The evolutionists seem to know everything about the missing Link except the fact that it is missing. – Gilbert K. Chesterton
For Dewey Robertson, his on-screen persona was unlike anything anyone had seen before. He was liked and respected by his peers. Robertson would commit years to his craft, often showcasing a stature that was not unlike a movie star with his looks.
After years of showcasing a clean-cut appearance and being adored by fans, Robertson tapped into a part of his psyche that was not a reflection of what evolutionists like Charles Darwin would argue about years prior.
The Missing Link
From the ashes of a caveman, what came about was The Missing Link. It was in 1983 that Robertson first emerged with a character that was initially known as ‘Max the Missing Link.’ During his time in Mid-South, The Missing Link would first develop a terrifying and unsettled character. He didn’t speak but would merely grunt, not unlike an uncaged animal. The Missing Link would inevitably be a modern-day neanderthal for all intents and purposes.
“Here I am in the dressing room, and I’m one of the Freebirds now. And I’m sitting in the dressing room and I look across, and I see this guy looking at me and it looked to me like it was the Missing Link.
And I didn’t even think of Dewey. I’m looking at him, and he’s looking at me, and I’m getting weirded out. I was going ‘I know this person, but where’s the connection?’
And he then did one of the things he always does as the Missing Link, he put his hand on the back of his head and grabbed his ponytail — I thought I did something wrong, it scared me! This guy was big. – Buddy Roberts on the Missing Link
His actions showed no fear and no remorse. There was a true unsettling nature about Dewey Robertson’s Missing Link. The character’s look had face paint was not unlike a warrior preparing to do battle. But for the Missing Link, each match was a battle. The battles weren’t for fame and fortune but rather to cause pain and suffering.
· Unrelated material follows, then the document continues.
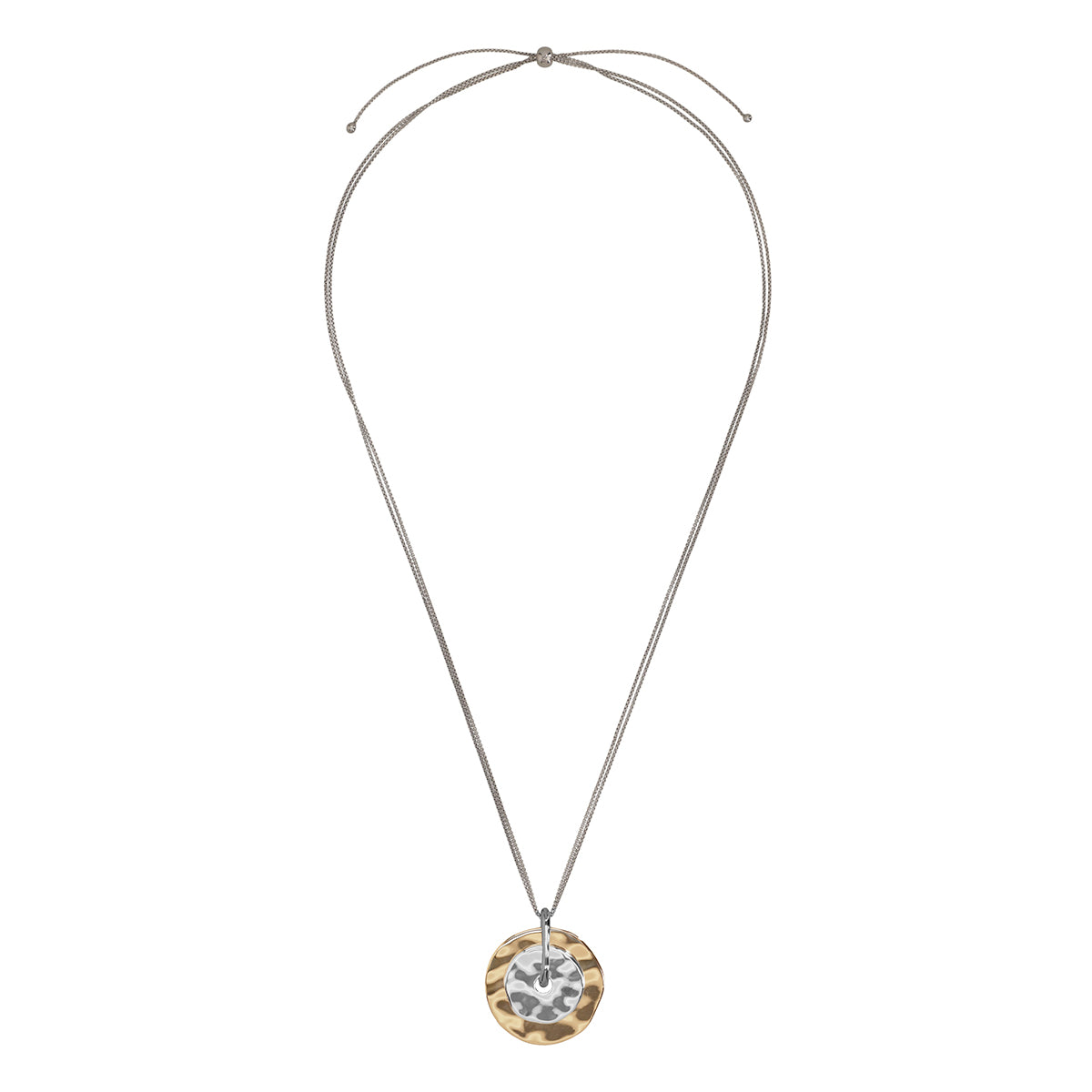 Collar Nine West Color Bitono 19N01548 para Dama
As he came to the ring, he was as willing to cause as much pain to himself as he was to his opposition. To think if he is willing to pull his own hair out, what will he do to his opponent before him on any given night? With his hair clutched on his way to the ring, The Missing Link would show the effects of pulling on his hair as portions of his scalp were bald.
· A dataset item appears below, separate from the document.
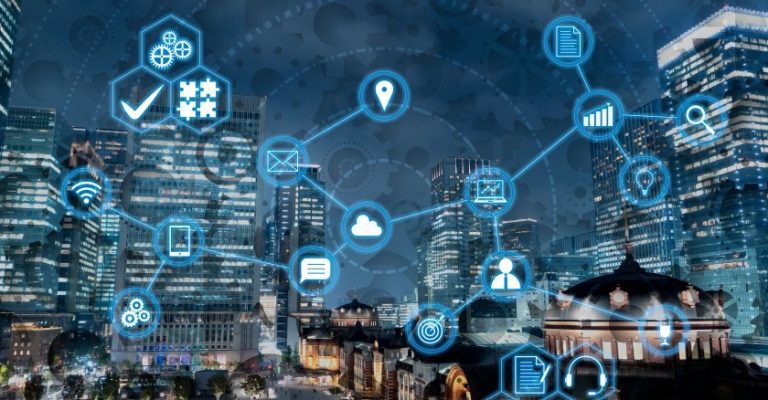AECOM & Nodes & Links: Transforming Project Controls with AI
Akbar would share that The Missing Link wasn’t ‘insane.’ It is, in fact, that misunderstanding on the part of fans that has led to this perpetuated treatment of the Missing Link. As time passed during the promo, the subservient Missing Link is growing quite frustrated. The anger is growing in the Missing Link. Was he misunderstood, or could the uncaged rage be something to fear?
“The first time that I put Kimala and Link in a tag team match, (the Missing) Link tagged Kimala on the shoulder — then Kimala, who was from Uganda, was confused and thought (the Missing) Link was hitting him. Then they’d get into a fight, and I’d have to break that up,”
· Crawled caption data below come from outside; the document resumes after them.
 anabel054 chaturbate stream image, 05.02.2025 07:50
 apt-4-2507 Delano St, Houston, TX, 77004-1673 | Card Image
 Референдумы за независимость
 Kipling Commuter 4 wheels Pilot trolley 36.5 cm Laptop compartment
For the Missing Link, only a few people could control and handle him throughout his career. While he spent time under the management of Akbar and, later on, Bobby ‘The Brain’ Heenan, Jimmy ‘The Mouth of the South’ Hart, Percy Pring, and Dark Journey.
“I came into World Class just in and out, I wasn’t one of the main characters. At the time, [World Class booker] Kenny [Mantell] was establishing his program with the Missing Link and with the special video he did, which in my mind, is one of the best videos I’ve ever seen.
You can take a character and build a video around him, but the Link’s character fit with Dewey’s personality, the truck and everything else, and how Dewey wrestled in the ring. As the Missing Link he wasn’t Dewey Robertson anymore, he was the Link, which was a character he had to live 24 hours a day and it was big.
People were really hot to see it. I don’t know all the reasons why it didn’t go further. Apparently Kenny had built Dewey to the point that he was one of the hottest characters on TV.”
After he spent time in Mid-South and later on Championship Wrestling from Florida, The Missing Link would travel North to Connecticut. After leaving and competing on the territories, The Missing Link would move on to compete on a national stage for the World Wrestling Federation.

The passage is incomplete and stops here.